*Assigned task*: Could you retype exactly the lines running from the line with "4k aerial drone" to the end of the data, both included, and nothing else?

*Recorded data*:
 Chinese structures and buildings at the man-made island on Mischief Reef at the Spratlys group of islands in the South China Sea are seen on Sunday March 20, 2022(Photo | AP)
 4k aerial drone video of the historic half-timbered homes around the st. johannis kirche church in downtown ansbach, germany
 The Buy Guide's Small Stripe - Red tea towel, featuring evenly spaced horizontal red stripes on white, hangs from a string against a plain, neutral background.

*Response box*:
 4k aerial drone video of the historic half-timbered homes around the st. johannis kirche church in downtown ansbach, germany
 The Buy Guide's Small Stripe - Red tea towel, featuring evenly spaced horizontal red stripes on white, hangs from a string against a plain, neutral background.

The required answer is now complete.